Problem requirements —
Please quote exactly the lines below from the line containing "Cedar Valley Jaycees logo, Cedar" to the line containing "Ex 150 2019", both lines included, and nothing else.

Supplied material —
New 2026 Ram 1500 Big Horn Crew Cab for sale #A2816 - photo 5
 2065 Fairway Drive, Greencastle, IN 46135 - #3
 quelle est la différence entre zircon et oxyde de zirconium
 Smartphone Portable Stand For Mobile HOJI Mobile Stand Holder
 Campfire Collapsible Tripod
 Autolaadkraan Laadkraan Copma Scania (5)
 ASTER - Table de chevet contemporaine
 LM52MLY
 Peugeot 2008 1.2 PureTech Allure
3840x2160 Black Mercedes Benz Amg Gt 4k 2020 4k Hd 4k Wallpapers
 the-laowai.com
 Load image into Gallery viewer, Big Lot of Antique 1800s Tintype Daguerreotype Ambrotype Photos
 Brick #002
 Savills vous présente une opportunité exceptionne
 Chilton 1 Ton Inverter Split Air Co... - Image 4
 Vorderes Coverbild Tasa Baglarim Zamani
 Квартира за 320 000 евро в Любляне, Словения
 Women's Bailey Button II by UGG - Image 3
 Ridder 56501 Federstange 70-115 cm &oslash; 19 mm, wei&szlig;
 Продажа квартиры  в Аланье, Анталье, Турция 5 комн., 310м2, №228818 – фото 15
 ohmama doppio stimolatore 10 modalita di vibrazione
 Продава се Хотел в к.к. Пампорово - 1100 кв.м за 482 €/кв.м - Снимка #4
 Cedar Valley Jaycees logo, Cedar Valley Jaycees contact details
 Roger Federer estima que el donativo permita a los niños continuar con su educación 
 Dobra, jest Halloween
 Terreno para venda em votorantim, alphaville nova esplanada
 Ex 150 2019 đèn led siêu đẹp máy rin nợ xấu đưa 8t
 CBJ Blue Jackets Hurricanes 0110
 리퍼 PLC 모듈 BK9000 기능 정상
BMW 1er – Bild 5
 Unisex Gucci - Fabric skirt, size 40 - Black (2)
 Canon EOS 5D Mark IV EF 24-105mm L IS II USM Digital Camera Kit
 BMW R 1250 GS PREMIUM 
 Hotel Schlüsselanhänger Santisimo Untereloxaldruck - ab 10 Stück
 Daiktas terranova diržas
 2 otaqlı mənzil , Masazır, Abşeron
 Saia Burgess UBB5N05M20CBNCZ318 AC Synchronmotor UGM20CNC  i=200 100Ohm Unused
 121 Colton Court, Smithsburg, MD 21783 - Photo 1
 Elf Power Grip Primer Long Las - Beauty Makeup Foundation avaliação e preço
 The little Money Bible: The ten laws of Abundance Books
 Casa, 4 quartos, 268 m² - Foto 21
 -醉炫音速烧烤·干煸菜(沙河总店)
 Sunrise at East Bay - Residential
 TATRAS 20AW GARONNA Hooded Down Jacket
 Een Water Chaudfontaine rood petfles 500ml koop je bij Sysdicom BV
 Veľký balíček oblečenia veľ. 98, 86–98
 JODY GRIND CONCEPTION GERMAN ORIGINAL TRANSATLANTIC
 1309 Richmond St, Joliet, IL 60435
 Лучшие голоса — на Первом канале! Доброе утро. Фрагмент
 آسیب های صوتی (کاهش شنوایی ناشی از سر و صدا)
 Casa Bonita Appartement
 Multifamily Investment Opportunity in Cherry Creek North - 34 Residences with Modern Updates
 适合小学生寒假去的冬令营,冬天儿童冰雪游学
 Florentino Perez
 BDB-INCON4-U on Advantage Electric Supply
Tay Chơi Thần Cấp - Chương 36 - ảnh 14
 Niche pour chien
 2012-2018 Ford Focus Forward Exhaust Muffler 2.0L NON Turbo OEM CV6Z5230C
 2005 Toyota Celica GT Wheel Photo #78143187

Exercise solution —
 Cedar Valley Jaycees logo, Cedar Valley Jaycees contact details
 Roger Federer estima que el donativo permita a los niños continuar con su educación 
 Dobra, jest Halloween
 Terreno para venda em votorantim, alphaville nova esplanada
 Ex 150 2019 đèn led siêu đẹp máy rin nợ xấu đưa 8t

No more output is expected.